Can my business partner push me out? This is an important question to consider when entering into a business relationship with anyone for any period of time. Even when entering into a partnership with someone you know very well, you'll want to be sure you're prepared for any potential disagreements and major changes.

When a Business Partnership Turns Bad

Depending on the type of partnership, when a business relationship goes wrong, it can feel like a break-up, even down to the emotional difficulty. When marriages end, one of the biggest concerns is always if any children were involved and how they were handled. Consider the business your child when you enter into a business marriage with a partner.

If a partnership does go wrong, you'll want to make sure you know your rights with regard to ownership of the business in relation to its other owners.

Check the Agreements

The most important information regarding a business endeavor should be found in the company's documents. Operating agreements are used for most business structures, like LLCs (limited liability companies) and corporations. These documents should include the following information:

  • Names and relevant information of partners, members, shareholders, or owners
  • Profit distribution percentages
  • Managerial duties
  • List of company assets
  • Provisions for owner disputes
  • Provisions for adding new owners or transferring ownership and interest
  • Detailed instructions for handling major company changes like the death of a member

If a business partnership starts to turn bad or a big dispute arises, check what your company's operating agreement says. Corporations have the same type of document in the form of a shareholder agreement.
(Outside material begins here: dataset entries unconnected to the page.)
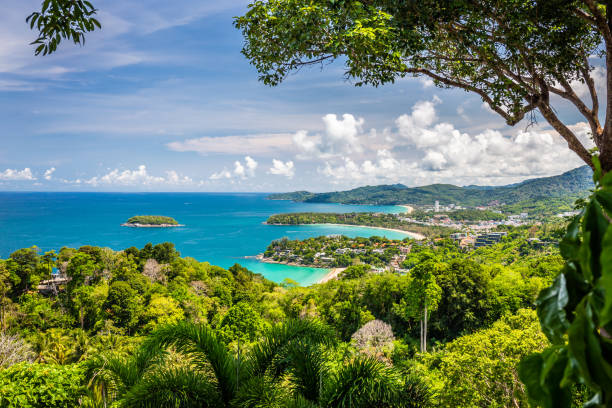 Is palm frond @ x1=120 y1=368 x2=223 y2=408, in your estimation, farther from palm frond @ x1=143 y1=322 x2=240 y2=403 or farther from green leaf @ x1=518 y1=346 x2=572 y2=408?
green leaf @ x1=518 y1=346 x2=572 y2=408

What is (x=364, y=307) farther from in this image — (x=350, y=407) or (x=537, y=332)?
(x=350, y=407)

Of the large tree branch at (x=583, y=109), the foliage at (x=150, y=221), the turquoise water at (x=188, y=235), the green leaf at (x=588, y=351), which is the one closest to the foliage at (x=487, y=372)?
the large tree branch at (x=583, y=109)

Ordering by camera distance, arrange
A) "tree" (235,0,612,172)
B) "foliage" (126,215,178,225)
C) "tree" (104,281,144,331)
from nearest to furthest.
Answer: "tree" (235,0,612,172), "tree" (104,281,144,331), "foliage" (126,215,178,225)

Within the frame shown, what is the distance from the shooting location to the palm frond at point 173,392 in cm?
340

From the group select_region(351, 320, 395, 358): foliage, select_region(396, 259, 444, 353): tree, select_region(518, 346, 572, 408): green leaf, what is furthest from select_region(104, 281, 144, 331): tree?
select_region(518, 346, 572, 408): green leaf

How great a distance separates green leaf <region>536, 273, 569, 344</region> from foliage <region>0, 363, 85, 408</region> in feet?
20.2

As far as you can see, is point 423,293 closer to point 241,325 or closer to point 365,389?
point 241,325

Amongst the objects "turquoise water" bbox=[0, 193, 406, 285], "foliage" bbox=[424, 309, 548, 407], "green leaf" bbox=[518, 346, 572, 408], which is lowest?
"turquoise water" bbox=[0, 193, 406, 285]

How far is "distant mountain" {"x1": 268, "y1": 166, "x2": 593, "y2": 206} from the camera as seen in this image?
255 feet

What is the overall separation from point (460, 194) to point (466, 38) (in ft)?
419

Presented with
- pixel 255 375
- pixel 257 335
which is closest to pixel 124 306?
pixel 257 335

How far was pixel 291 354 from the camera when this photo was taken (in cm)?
413

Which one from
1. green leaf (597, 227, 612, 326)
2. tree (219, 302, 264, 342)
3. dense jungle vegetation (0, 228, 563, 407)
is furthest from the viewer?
tree (219, 302, 264, 342)

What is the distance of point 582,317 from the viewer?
0.40 meters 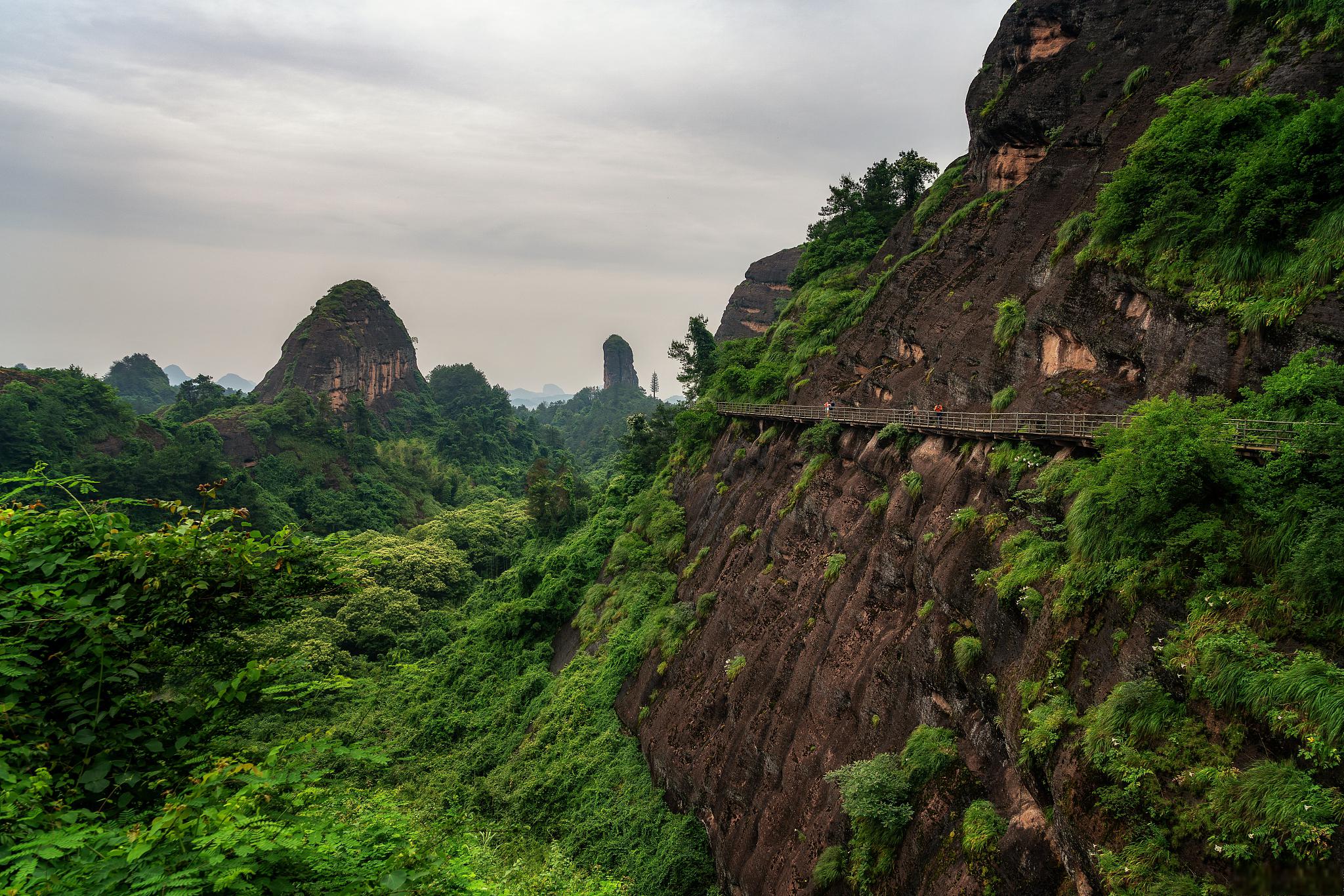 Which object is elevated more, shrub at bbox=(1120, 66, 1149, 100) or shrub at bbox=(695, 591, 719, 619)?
shrub at bbox=(1120, 66, 1149, 100)

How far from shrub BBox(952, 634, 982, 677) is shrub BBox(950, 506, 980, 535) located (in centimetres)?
267

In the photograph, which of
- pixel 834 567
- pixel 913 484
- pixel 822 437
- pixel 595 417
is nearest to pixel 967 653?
pixel 913 484

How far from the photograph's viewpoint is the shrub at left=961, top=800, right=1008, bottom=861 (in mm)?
10047

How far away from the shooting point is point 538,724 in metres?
26.4

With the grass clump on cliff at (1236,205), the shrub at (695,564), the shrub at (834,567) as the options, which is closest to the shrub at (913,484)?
the shrub at (834,567)

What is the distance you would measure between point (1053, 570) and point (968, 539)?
2.67m

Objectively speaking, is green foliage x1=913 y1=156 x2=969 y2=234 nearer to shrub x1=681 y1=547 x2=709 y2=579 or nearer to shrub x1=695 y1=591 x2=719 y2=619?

Certain, smaller business structures might not use operating agreements, so they should refer to the rules and regulations laid out by their state. Every state has laws in place to help businesses govern themselves, but they vary from state to state and depending on the type of business.

If your company does have an operating agreement, but your specific issue isn't covered by the agreement, the state laws apply.

In some cases, shareholders or members of companies can ask their fellow business owners to buy them out and let them leave in peace. This practice isn't always allowed by the state or the company's governing documents. Buyout or withdrawal remedies should be clearly addressed when the business is first formed and the documents are written, but if not, the owners of a company are usually required to stick around until the company is dissolved or the other owners transfer ownership.

When a Business Break-Up Is Forced

If things have ended up in pretty bad shape, a business owner may be able to convince a judge to force their company to dissolve. Dissolution automatically frees business owners from their obligations — whether managerial, financial, or both. This isn't always a viable option, so it'll depend on the type of business and the situation it is in.

Certain circumstances are considered grounds for a forced dissolution. If a business owner can convince a court that the company is stuck in a hopeless deadlock situation over a major decision or that the business has committed some form of fraud, they have a good chance of getting the court to force a break-up.

In order to have much power in the eyes of the court, a business owner must hold at least half of the business. If the owner doesn't hold that many shares, they can try to get other owners to join them in their efforts. If they can get enough owners to represent at least half of the ownership interest, the group can petition the court.

In the event that a company has acted illegally, engaged in fraudulent activity, or acted oppressively toward one of its members, the member who takes the issue before the courts only needs to represent 20 percent of the company membership interest or shares. In this case, a court could decide that the dissolution of the business is unnecessary and suggest alternative solutions to the problem, like a buyout of the injured party.

Limited liability companies can usually only be dissolved by a member if that member can prove that the company is no longer able to conduct business in while still conforming to its operating agreement or articles of organization.